§ WORK INSTRUCTIONS:
When writing out the entries below, keep only the lines from the line with "Audi A6, снимка" to the line with "Second view of", both included, exactly as they are, and leave the pictures aside.

§ THE RECORDS:

•••••

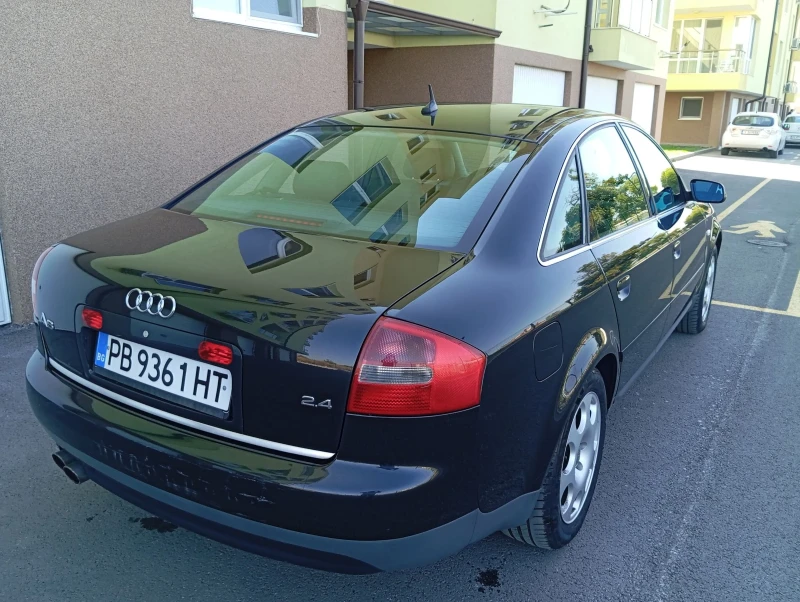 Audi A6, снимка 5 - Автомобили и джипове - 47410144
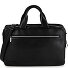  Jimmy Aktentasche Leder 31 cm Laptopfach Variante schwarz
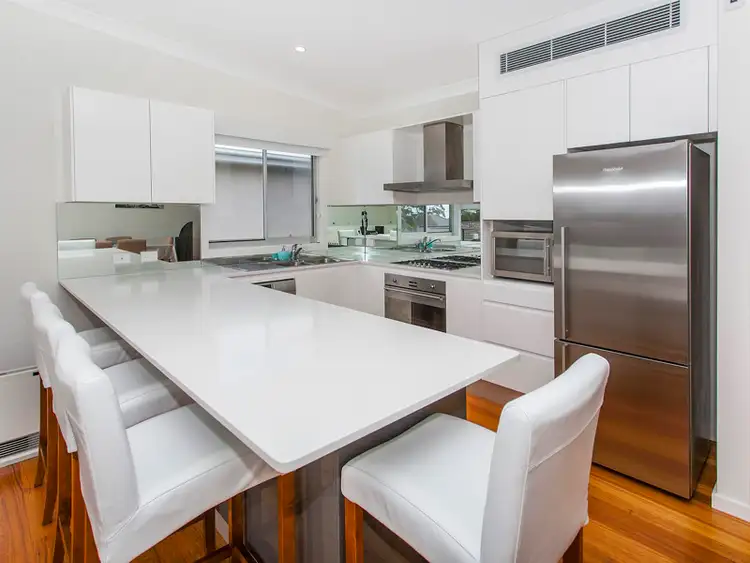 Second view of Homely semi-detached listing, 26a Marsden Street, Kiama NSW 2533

•••••

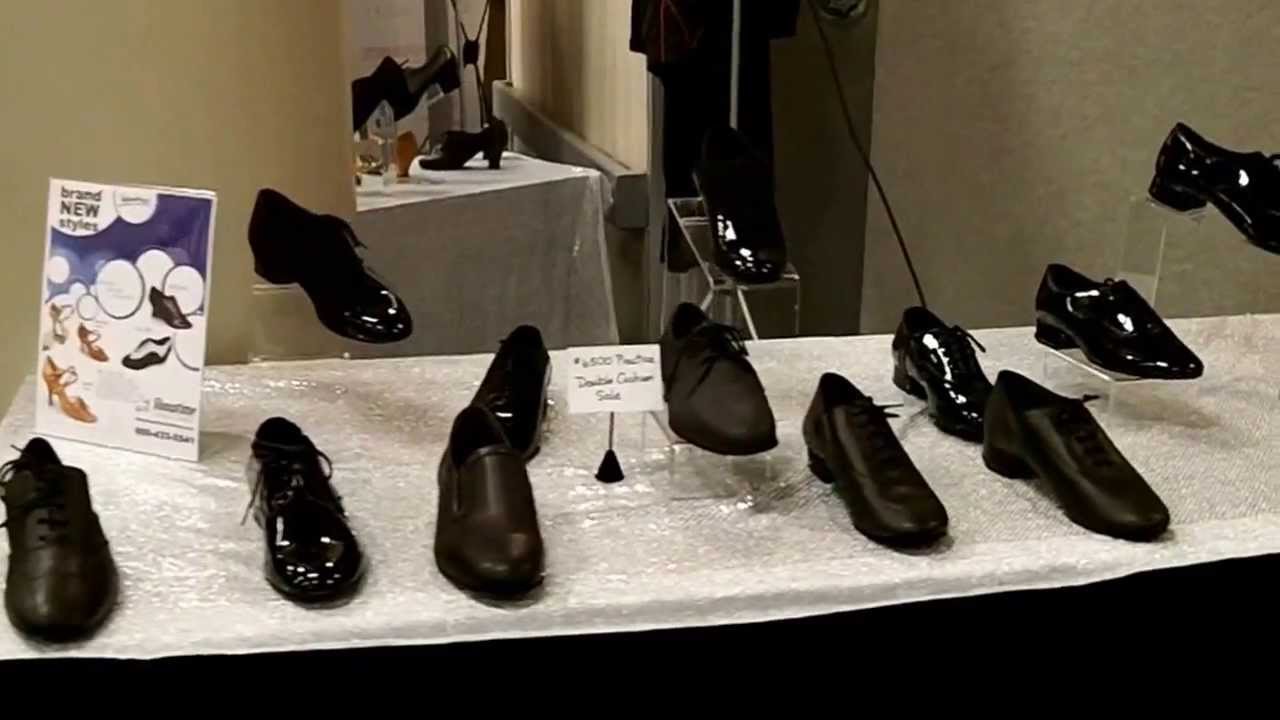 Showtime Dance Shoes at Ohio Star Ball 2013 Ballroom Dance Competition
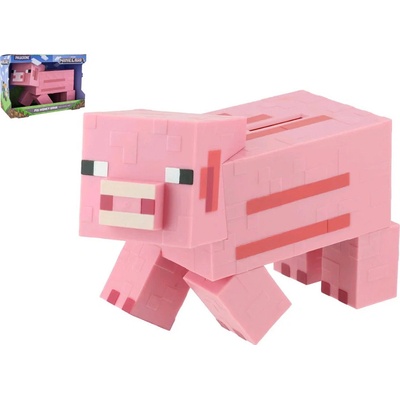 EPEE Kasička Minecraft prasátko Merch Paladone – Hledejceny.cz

•••••

§ REPLY TO THE TASK:
 Audi A6, снимка 5 - Автомобили и джипове - 47410144
  Jimmy Aktentasche Leder 31 cm Laptopfach Variante schwarz
 Second view of Homely semi-detached listing, 26a Marsden Street, Kiama NSW 2533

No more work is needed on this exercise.